Content Repurposing with PowerPoint and Video
PowerPoint? Oh no!
We can hear your groans from here.
Don’t fret though – a PowerPoint doesn’t have to be the single most boring thing ever created.
Forget all that you learned from years of poorly organized, poorly designed, and poorly delivered presentations in classrooms and meeting rooms.
You can make a slide presentation compelling and you can win business. The key to success is learning how to make a PowerPoint the optimized way, and not the boring way.
Presentations are a great way to share your content, as well. There are many sites, like SlideShare, dedicated to sharing presentations. These are shared in social channels and blog posts around the web when authors need an authoritative source for a topic that they are writing about.
Creating a PowerPoint is a pretty basic task and something most business professionals learned many years ago. Of course, not all learned it correctly.
We’re going to cover the basics of creating a good presentation that people will want to share, but there’s always more information out there to learn.
1. Simplify Major Points
In a presentation, you want to simplify the major points. Slides shouldn’t have a lot of text – that’s what articles are for. It is up to your presenter or narrator to elaborate on each talking point.
Give the audience the thesis, and then expand on it with your narration. Use images to drive points home.
3. Use Graphics and Art from Previous Pieces
Take the artwork and graphics from your previous pieces to further explain each slide. Pictures can take a plain PowerPoint and make a dramatic difference.
Artwork can really tell a story. Using your graphics from other pieces also helps create a cohesive style across all the content, helping with branding.
2. Avoid Special Effects
Special effects on PowerPoint’s can be very distracting and hinder the overall experience for your target audience.
Your presentation shouldn’t be reliant on special effects, it should be the presenter and the overall information you are giving that makes or breaks it.
4. Make it Pretty
You can always add design elements to catch your audiences eye and attention.
Take photos and graphics from previous built content to use for borders, backgrounds, and illustration.
In addition to the graphics, add design elements for the fonts, borders and overall custom template.
Make a Video
If you are low on ideas, you can take the PowerPoint, set it to music and make into a video.

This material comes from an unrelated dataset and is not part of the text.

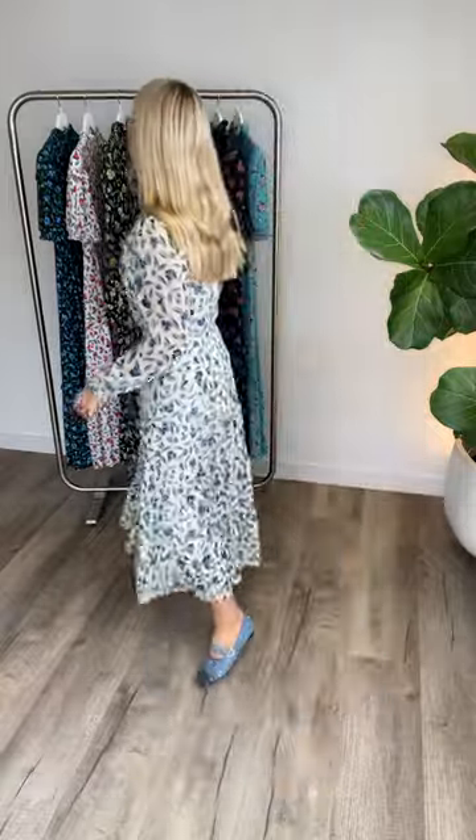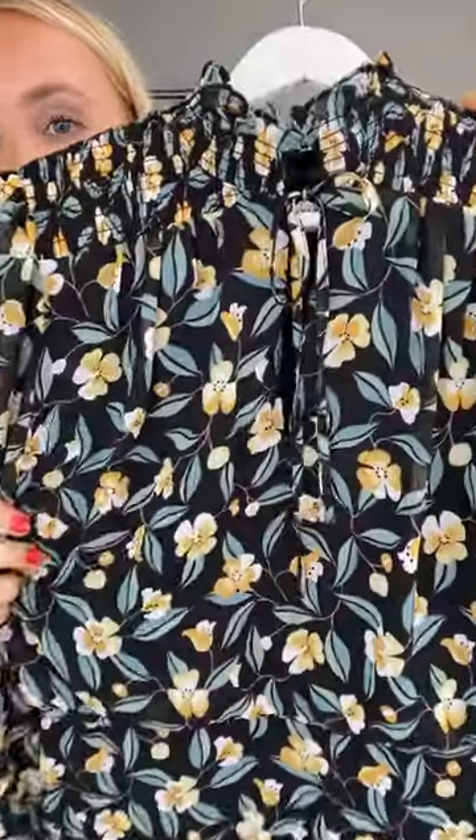It's got this tie detail which you could wear loose as well. I think it's the perfect dress to transition you from summer into the colder months. This dress also comes in a black, yellow, and green print if you wanted something a bit more autumnal — both would be really lovely for this time and the next few months.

Videos also offer another engaging format for your once static infographic. Imaging multiple panes of your previous infographics with voice over can and will tell a more thorough story of what you’re trying to get across to your audience.
Videos can also serve as the starting point (rather than the infographic or PowerPoint) in the overall content process. Individual components (graphics, etc.) from the video can then be used in other applications, using the same steps. Videos are a great tool to use to promote your business as well which will be discussed in the next section.
1. Use a Script
Don’t ever try to just “wing it” on camera. You might hit a good take eventually, but you’re going to spend far too much time editing and re-shooting. Write down what you need to say and take the time to make a coherent bullet point outline that you can work from. Avoid reading word for word, as that can force you to sound unnatural.
3. Be Yourself
If you aren’t funny, don’t try to be hilarious. Just be you. It’s simple at advice, but necessary. People can sense inauthenticity in a video much more easily than they can in any other format, so don’t try to fake it.
2. Lighting is Not Optional
You want to make sure you find someone with plenty of experience shooting video. It might be tempting to have the “techy” intern set things up, but bad lighting can easily ruin a video. We could write an entire book on how to properly light a person for a video, but we’ll spare you the details and just say this – find someone who knows how to do it.
4. Keep it Concise
Don’t stretch a video out. If you have a couple minutes of material, that’s fine. People are used to short videos on the internet and it’s painfully obvious when you are stretching it out.
Final Thoughts
1. Take apart white papers, turn into blog posts.
2. Turn quotes from your content into images and pins on Pinterest.
3. Make a list of old blog posts from Facebook. Once a week create a theme in which you promote an old post.
4. Explain a post in video format. For example, SEOmoz’s “White Board Friday” is one that has been copied and used by many different companies and brands.
5. Explore old posts or content that can be mixed and matched for creative content marketing.